* PROMPT
All that is needed is an exact copy of the lines from the beginning of the data below through the line containing "And again, there's", minus the pictures.

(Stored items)
------------

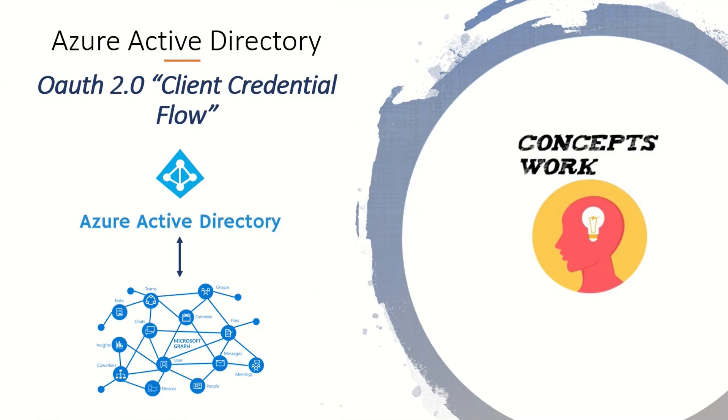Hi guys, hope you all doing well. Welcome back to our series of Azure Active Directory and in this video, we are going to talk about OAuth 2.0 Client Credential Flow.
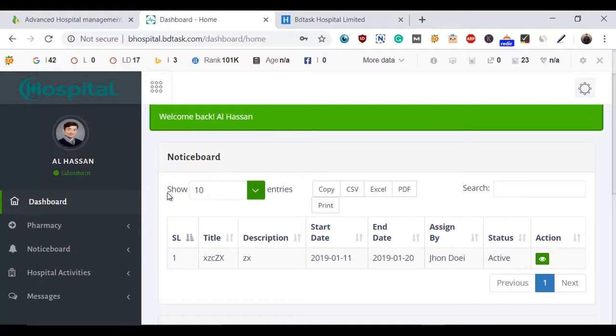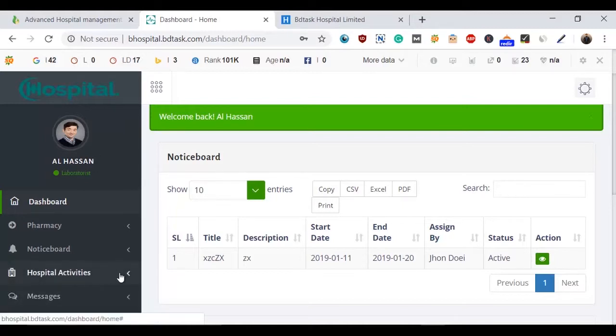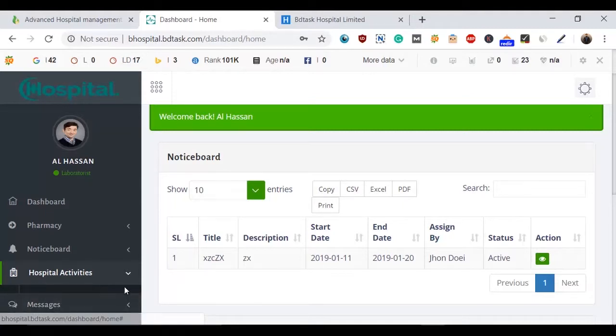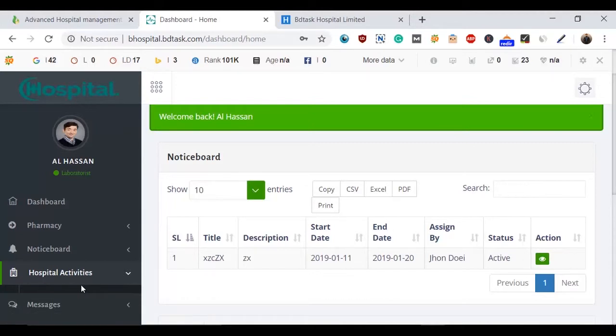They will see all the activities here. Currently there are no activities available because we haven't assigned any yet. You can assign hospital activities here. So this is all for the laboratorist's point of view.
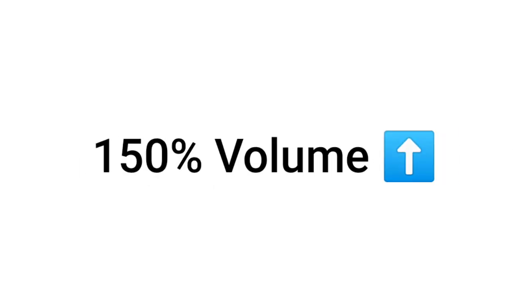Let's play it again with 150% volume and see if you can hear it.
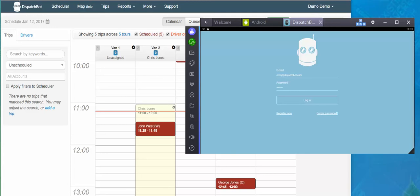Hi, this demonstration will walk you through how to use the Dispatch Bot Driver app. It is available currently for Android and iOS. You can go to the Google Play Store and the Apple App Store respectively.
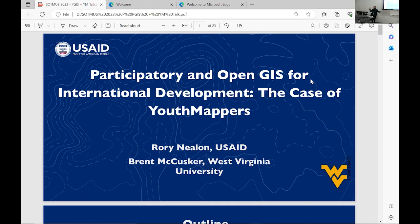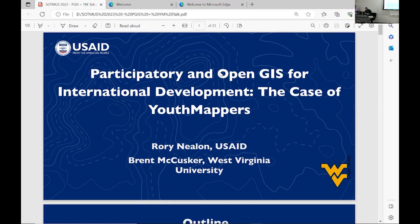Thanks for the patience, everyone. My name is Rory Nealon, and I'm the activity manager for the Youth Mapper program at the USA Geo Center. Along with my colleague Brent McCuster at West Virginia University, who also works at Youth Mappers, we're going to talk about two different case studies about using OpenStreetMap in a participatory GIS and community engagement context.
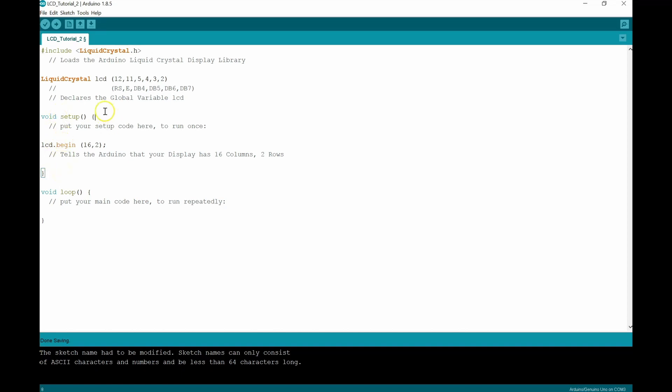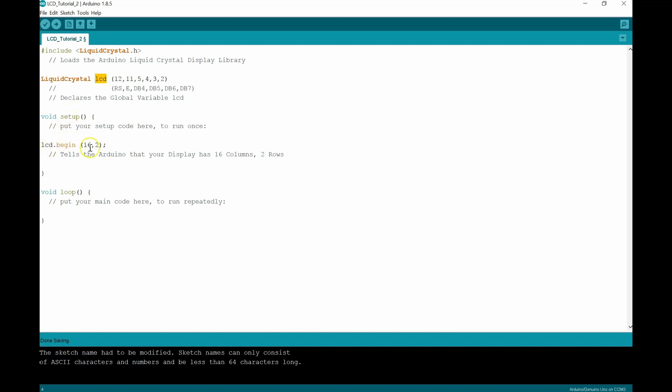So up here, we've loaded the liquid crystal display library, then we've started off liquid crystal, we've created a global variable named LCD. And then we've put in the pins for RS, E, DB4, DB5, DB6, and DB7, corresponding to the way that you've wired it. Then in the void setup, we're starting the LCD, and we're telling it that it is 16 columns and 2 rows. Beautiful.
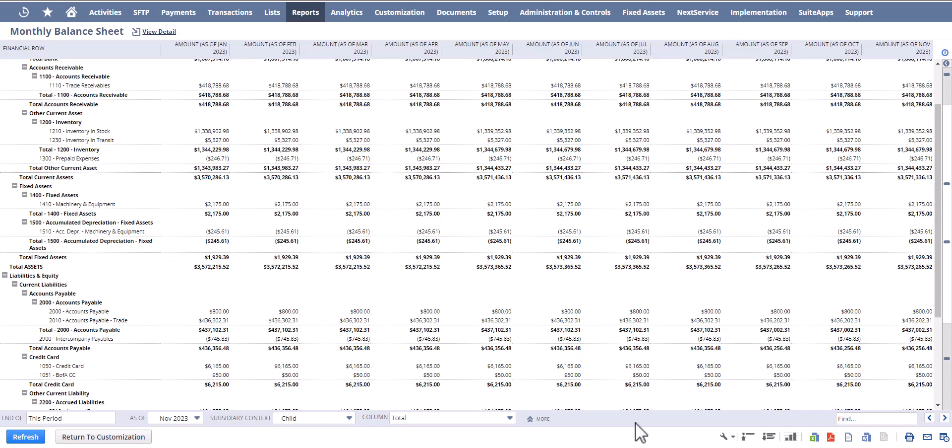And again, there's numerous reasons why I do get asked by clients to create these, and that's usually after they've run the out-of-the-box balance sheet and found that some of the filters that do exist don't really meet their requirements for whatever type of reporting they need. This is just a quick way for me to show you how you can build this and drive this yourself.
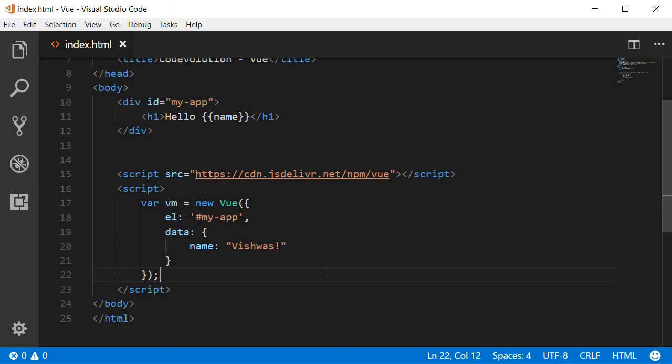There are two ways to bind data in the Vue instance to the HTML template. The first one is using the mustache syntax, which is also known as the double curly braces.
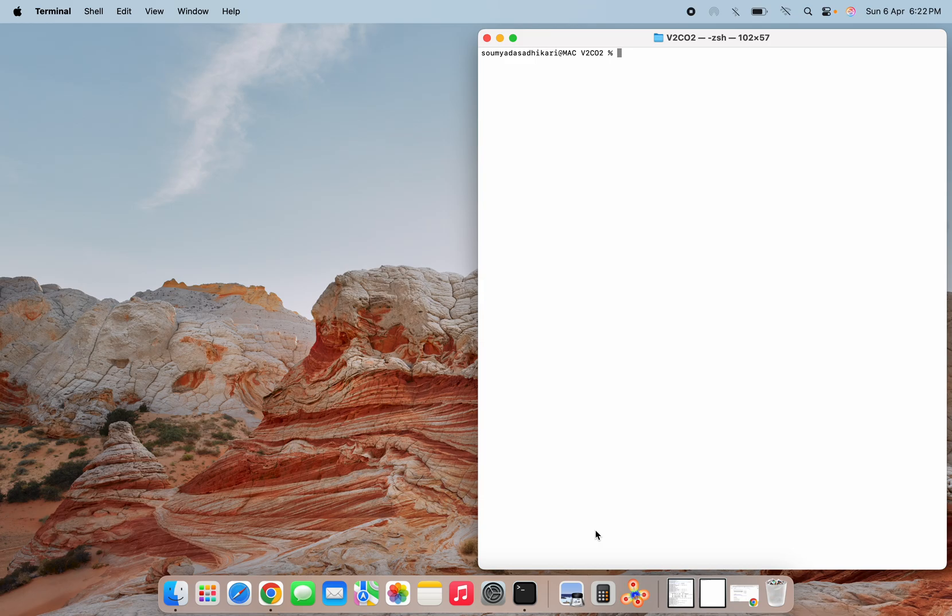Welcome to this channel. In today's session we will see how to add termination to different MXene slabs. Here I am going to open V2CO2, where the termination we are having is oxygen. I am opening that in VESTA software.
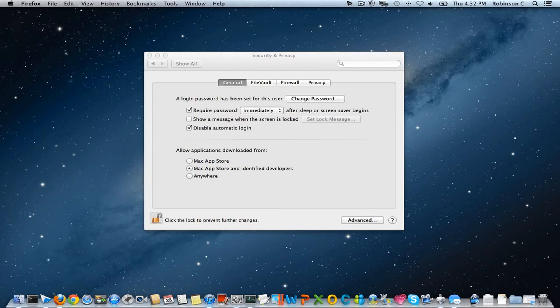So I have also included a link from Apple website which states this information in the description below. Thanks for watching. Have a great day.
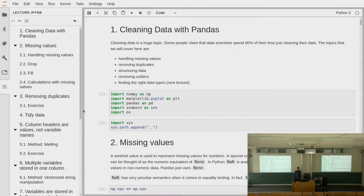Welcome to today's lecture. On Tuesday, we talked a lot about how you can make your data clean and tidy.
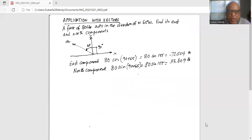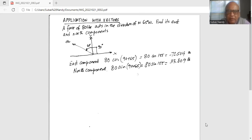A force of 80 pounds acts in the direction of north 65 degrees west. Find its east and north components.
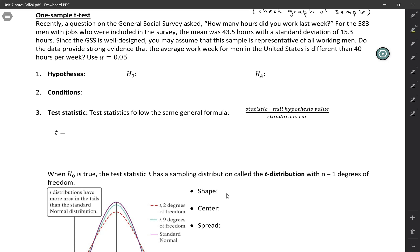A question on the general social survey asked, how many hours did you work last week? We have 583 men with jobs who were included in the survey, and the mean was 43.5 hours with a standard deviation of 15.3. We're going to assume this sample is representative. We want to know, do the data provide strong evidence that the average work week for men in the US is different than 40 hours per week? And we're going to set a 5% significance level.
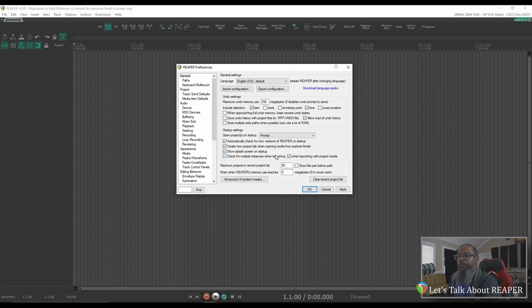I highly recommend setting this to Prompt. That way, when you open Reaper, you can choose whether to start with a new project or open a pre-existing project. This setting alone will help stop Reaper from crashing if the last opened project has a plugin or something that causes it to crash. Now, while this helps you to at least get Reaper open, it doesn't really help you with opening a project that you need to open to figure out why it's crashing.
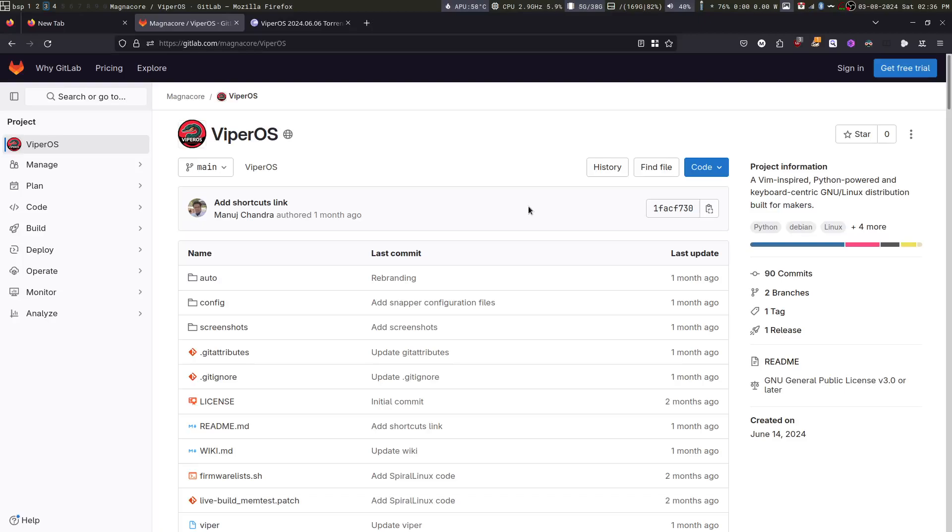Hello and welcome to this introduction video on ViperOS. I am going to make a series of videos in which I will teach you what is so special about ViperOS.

------------

* SOLUTION FOR THIS PROBLEM
Hi guys, hope you all doing well. Welcome back to our series of Azure Active Directory and in this video, we are going to talk about OAuth 2.0 Client Credential Flow.
They will see all the activities here. Currently there are no activities available because we haven't assigned any yet. You can assign hospital activities here. So this is all for the laboratorist's point of view.
Let's play it again with 150% volume and see if you can hear it.
Hi, this demonstration will walk you through how to use the Dispatch Bot Driver app. It is available currently for Android and iOS. You can go to the Google Play Store and the Apple App Store respectively.
Thanks for the patience, everyone. My name is Rory Nealon, and I'm the activity manager for the Youth Mapper program at the USA Geo Center. Along with my colleague Brent McCuster at West Virginia University, who also works at Youth Mappers, we're going to talk about two different case studies about using OpenStreetMap in a participatory GIS and community engagement context.
So up here, we've loaded the liquid crystal display library, then we've started off liquid crystal, we've created a global variable named LCD. And then we've put in the pins for RS, E, DB4, DB5, DB6, and DB7, corresponding to the way that you've wired it. Then in the void setup, we're starting the LCD, and we're telling it that it is 16 columns and 2 rows. Beautiful.
And again, there's numerous reasons why I do get asked by clients to create these, and that's usually after they've run the out-of-the-box balance sheet and found that some of the filters that do exist don't really meet their requirements for whatever type of reporting they need. This is just a quick way for me to show you how you can build this and drive this yourself.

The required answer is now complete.